== Your task ==
Extract the first line through the line containing "Yarra Ocean Suites Danang" from the listing below, exactly as written.

== The records ==
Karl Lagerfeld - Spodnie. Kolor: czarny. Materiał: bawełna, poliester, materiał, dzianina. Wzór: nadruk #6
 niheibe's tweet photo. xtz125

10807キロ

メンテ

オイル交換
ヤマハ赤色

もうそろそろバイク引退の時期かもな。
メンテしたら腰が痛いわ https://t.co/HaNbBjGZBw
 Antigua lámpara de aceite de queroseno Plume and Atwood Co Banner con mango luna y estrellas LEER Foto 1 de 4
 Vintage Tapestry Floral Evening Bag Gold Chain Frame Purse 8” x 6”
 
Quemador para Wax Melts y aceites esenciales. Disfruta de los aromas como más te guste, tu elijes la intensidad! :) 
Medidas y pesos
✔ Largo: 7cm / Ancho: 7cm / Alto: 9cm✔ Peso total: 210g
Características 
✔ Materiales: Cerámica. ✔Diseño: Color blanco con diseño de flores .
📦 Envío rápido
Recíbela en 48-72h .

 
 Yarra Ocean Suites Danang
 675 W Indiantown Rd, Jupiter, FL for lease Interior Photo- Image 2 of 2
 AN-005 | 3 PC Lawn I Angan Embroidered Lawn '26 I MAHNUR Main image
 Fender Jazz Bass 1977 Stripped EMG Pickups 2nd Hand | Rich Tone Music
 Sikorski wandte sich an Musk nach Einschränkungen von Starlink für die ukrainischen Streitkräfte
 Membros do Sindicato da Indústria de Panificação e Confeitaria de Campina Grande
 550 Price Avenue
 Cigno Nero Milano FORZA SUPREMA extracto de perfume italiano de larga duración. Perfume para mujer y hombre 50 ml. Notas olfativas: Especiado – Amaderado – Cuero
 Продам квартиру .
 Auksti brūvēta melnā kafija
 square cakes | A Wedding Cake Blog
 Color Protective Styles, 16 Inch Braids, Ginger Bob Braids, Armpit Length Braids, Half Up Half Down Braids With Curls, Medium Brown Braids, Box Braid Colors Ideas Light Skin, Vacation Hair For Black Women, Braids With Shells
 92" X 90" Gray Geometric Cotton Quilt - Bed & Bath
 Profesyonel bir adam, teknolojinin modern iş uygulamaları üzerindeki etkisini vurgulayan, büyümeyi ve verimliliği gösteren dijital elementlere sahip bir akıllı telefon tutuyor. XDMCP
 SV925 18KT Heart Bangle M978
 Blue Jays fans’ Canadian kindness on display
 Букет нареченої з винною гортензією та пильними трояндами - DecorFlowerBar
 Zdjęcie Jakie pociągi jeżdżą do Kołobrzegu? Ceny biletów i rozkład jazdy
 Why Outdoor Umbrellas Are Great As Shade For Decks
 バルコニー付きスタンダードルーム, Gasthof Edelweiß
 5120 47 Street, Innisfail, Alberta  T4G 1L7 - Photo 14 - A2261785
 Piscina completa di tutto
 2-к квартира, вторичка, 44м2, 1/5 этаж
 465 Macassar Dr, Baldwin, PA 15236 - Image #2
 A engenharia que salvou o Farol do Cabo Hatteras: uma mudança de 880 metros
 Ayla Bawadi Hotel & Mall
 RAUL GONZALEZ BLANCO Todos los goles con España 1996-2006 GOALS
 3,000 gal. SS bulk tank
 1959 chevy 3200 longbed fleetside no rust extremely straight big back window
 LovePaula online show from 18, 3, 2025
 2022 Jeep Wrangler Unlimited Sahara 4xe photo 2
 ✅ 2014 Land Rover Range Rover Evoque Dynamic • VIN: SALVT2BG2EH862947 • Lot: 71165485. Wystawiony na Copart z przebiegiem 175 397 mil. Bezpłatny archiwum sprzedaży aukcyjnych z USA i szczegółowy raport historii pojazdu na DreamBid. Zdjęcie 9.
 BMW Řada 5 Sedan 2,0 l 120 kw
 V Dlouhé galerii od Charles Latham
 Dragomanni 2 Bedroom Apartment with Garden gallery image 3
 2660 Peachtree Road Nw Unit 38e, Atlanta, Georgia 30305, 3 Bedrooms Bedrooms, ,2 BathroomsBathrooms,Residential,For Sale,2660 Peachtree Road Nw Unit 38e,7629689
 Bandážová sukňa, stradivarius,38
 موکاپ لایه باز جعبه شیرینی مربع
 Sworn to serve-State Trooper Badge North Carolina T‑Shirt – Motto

== Task answer ==
Karl Lagerfeld - Spodnie. Kolor: czarny. Materiał: bawełna, poliester, materiał, dzianina. Wzór: nadruk #6
 niheibe's tweet photo. xtz125

10807キロ

メンテ

オイル交換
ヤマハ赤色

もうそろそろバイク引退の時期かもな。
メンテしたら腰が痛いわ https://t.co/HaNbBjGZBw
 Antigua lámpara de aceite de queroseno Plume and Atwood Co Banner con mango luna y estrellas LEER Foto 1 de 4
 Vintage Tapestry Floral Evening Bag Gold Chain Frame Purse 8” x 6”
 
Quemador para Wax Melts y aceites esenciales. Disfruta de los aromas como más te guste, tu elijes la intensidad! :) 
Medidas y pesos
✔ Largo: 7cm / Ancho: 7cm / Alto: 9cm✔ Peso total: 210g
Características 
✔ Materiales: Cerámica. ✔Diseño: Color blanco con diseño de flores .
📦 Envío rápido
Recíbela en 48-72h .

 
 Yarra Ocean Suites Danang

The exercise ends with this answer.